I want to begin by looking at how the Catholic Church obscured the Gospel, then move to how the
Reformation recovered the Gospel, and finally give an implication of the
Gospel for us today. The Catholic Church obscured the Gospel of Faith alone by tangling up regeneration and justification like a bad game of Twister.
Biblically, regeneration is being born again, having eternal life imparted into the soul.
Justification is God the Judge declaring us to be legally righteous in His sight instead of guilty.
The mixing up of regeneration and justification resulted in the
Catholic Church teaching that in baptism, a man receives an infusion of righteousness into his soul, and that infusion of righteousness makes that man internally right before God.
Consequently, the Catholic Church went on to say this, the fruit of righteousness flowing from the divine life experienced in baptism flows out in works so that a man may merit, by gracious works, a second justification before God.
So the foundation of a right standing before God is what a man becomes at his baptism, and what a man does after his baptism, that baptism being an infant baptism.
This was the thinking that plagued Martin Luther. Similarly, when a man,
I'm sorry, my paint is going to get stuck. If ever there was a monk who could have been saved by his monkery, it would have been
Martin Luther. Aside from vigils, prayers, and reading, he would spend six hours at a time in the confessional, and he would go time after time, three days, fasting without a morsel of bread or a drop of water.
But all of this work failed to give Luther the peace with God that he sought for.
And that's because Galatians 2 .16 says, By works of the law, no one will be justified.
So the Catholic Church obscured the gospel of faith alone by tangling up regeneration and justification, and in this way, tortured
Martin Luther. But what the Reformation did was untangle regeneration and justification, and this resulted in clarifying what justification means.
Justification is not a process. It is an instantaneous declaration from God the
Judge in the courtroom of heaven that a sinner is righteous instead of guilty.
And the instrument by which a man is justified is not man's work, but faith alone in Christ and His work at Calvary.
Romans 4 .5 says, To the one who does not work, but believes in Him who justifies the ungodly, his faith is counted as righteousness.
Does not work, but believes.
God justifies the ungodly.
But how can God declare an ungodly man righteous?
He does not do this by infusing righteousness into a man's soul, as the
Catholic Church taught, but by imputing the righteousness of Christ to a believing sinner.

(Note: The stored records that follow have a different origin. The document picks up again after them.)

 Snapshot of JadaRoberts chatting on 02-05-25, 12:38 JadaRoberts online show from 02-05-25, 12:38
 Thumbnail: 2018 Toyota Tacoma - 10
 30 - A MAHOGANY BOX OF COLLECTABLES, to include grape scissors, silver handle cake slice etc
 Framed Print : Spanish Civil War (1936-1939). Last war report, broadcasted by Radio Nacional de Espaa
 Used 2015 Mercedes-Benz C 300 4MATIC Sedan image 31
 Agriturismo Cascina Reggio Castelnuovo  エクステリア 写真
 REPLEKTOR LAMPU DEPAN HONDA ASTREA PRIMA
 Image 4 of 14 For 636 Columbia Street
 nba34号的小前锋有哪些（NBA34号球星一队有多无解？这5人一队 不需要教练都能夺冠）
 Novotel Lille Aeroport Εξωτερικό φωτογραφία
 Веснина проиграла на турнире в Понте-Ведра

In other words, when a man believes on Christ, God considers the righteousness of Christ as belonging to that sinner.
Think of it this way. When a poor woman marries a rich man, the woman enters into a union with him so that she shares in his wealth.
The poor woman becomes rich. Similarly, when a sinful man believes in Christ, that man enters into a union with him so that he shares in Christ's righteousness.
And in this manner, God considers Christ's righteousness as belonging to the sinner, and thus declares the sinner to be righteous.
This is the only way that a sinful man may have peace with God. Luther put it this way,
Though I lived as a monk without reproach, I felt that I was a sinner before God with an extremely disturbed conscience.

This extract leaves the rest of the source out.